Excerpted from “Greg Hansen: ‘Mr. Football'” in the Montrose Press

A: From 1920 to 1964, Arizona took the train to football games in El Paso. Then the Wildcats flew to UTEP until the regular home-and-home series ended in 1977. This time, the Wildcats took a bus. (They’ll fly home in the wee hours Saturday morning.)

You may think it’s a cost containment issue, but there is no dedicated cost containment in college football. Not in the Power 5 conferences, or at Arizona, a school that has five full-time “analysts” on Rich Rodriguez’s staff.

 It’s more difficult than ever to book charter jets in both the college and NFL. ProFootballTalk recently reported that six NFL teams had their charter jet arrangements canceled in the last year, and 20 were scrambling to find available aircraft. To combat the lack of available charters, the New England Patriots bought two jumbo jets.
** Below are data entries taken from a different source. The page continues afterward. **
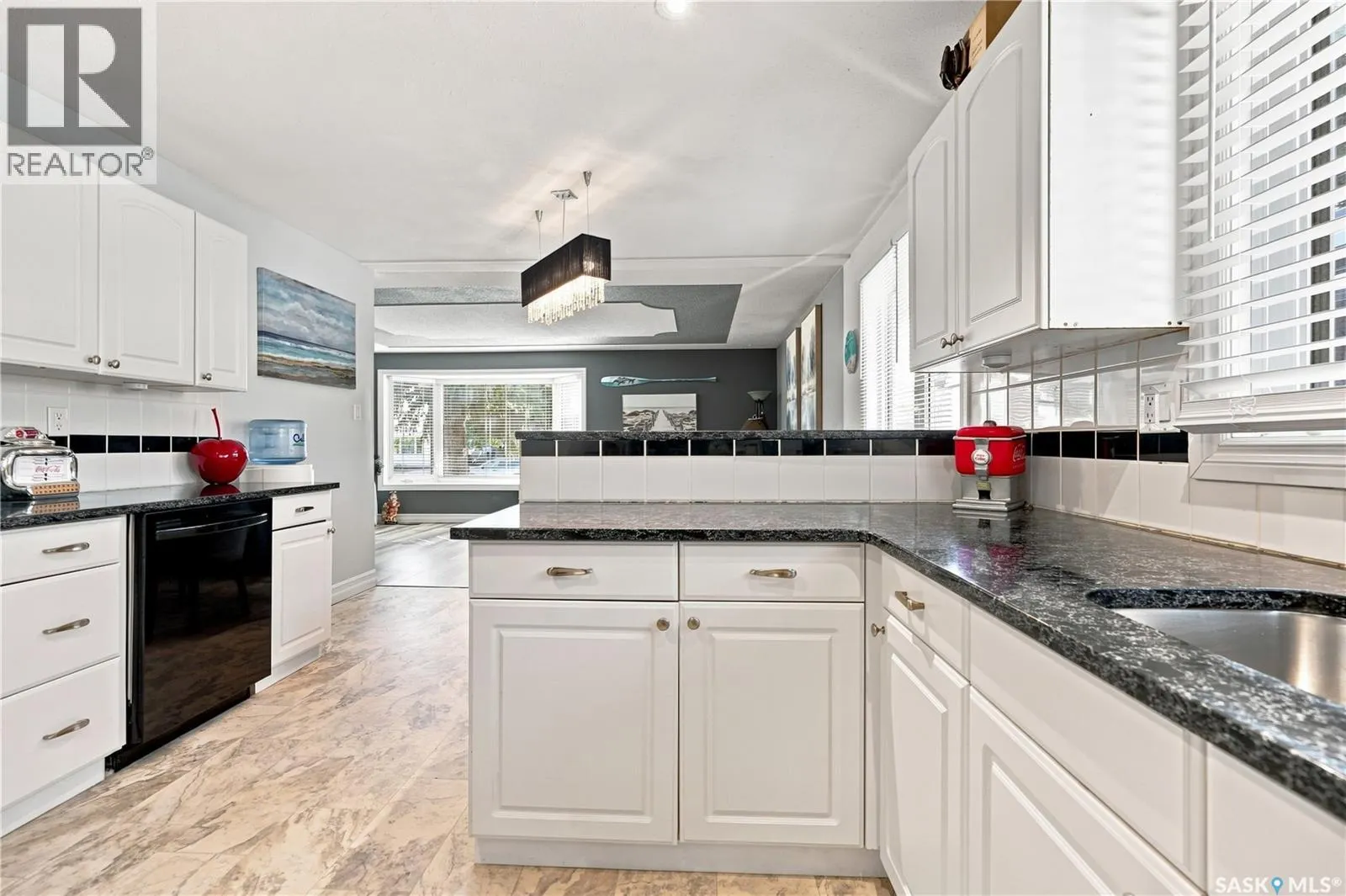 1312 King CRESCENT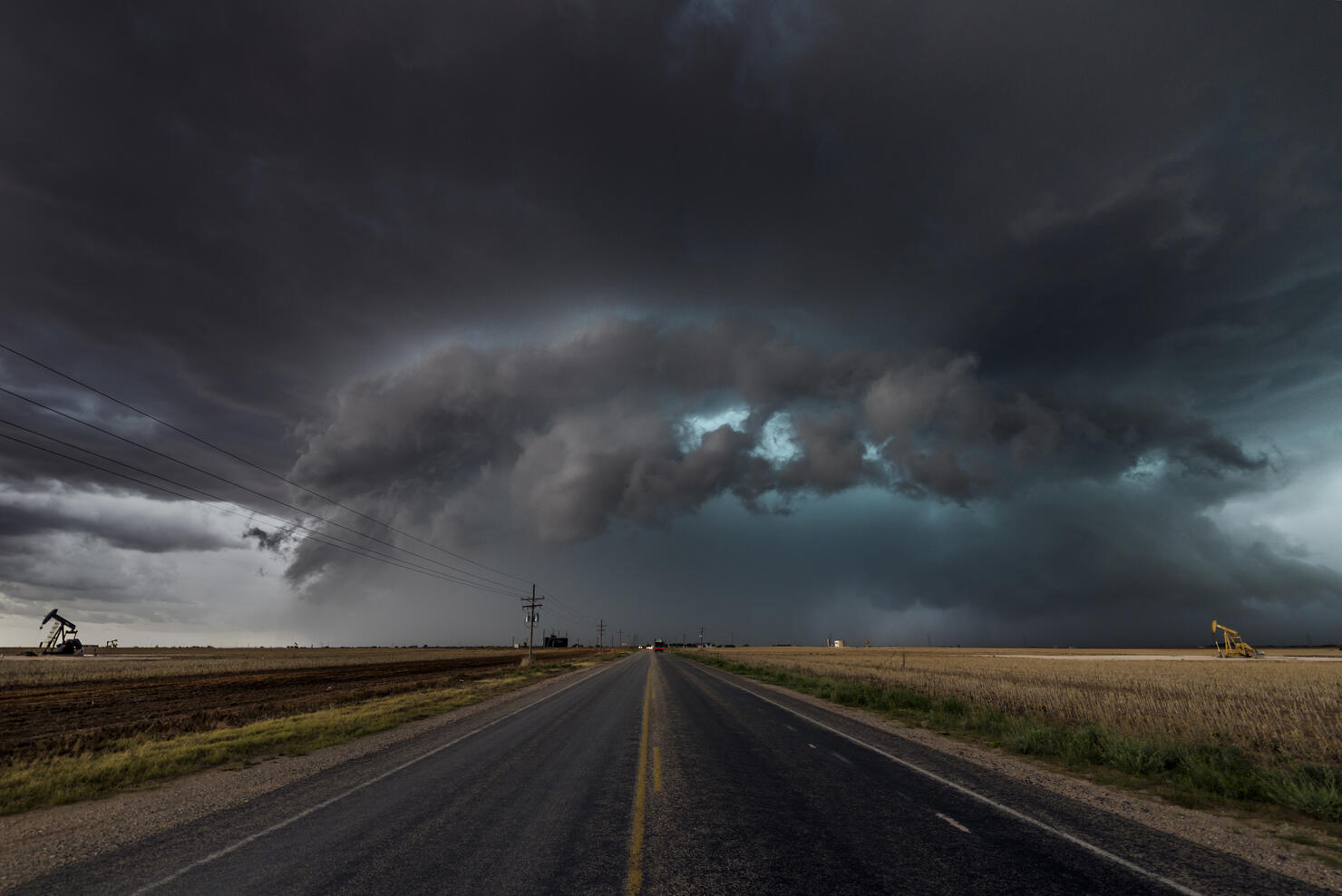 The Bear's Cage, Tornado cloud over Texas.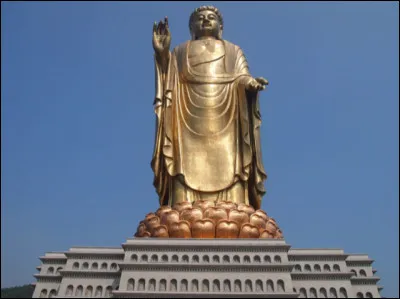 Chine - La statue ci-dessus se nomme "Bouddha du Temple de la Source". Il s'agit de la deuxième plus grande statue au monde. Mais quelle est sa taille exacte, en mètres ?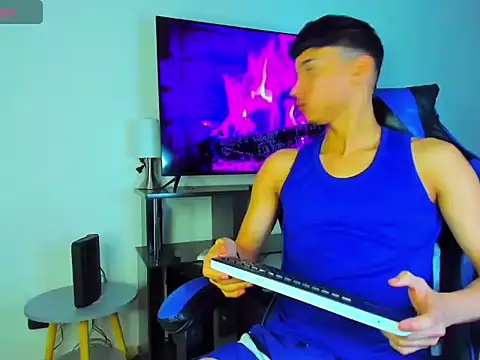 Lyam Russo online show from March 23, 8:40 am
It can cost as much as $300,000 to charter a jet for a long football trip, and probably close to $175,000 to go to and from El Paso. The Wildcats stopped in the middle of nowhere — Lordsburg, New Mexico — for lunch Thursday. If you’ve ever stopped in Lordsburg, you know there is no place that can hustle up lunch for a traveling party of close to 150 people.

So the UA hired a Tucson firm, Sutter’s Catering, to meet them in Lordsburg for lunch.

The UA doesn’t spend money excessively on sports travel; last week, Arizona’s nationally ranked women’s golf team drove to a tournament in Albuquerque, as will the UA men’s golf team for an invitational in Albuquerque next week. Last April, Mike Candrea’s softball team took a bus to Las Cruces — 46 miles from El Paso — rather than fly.

Besides, by the time a football team goes to the airport, clears security, loads the plane and flies to El Paso, it would take about three or four hours. In that time, a bus from Tucson is almost to the Rio Grande.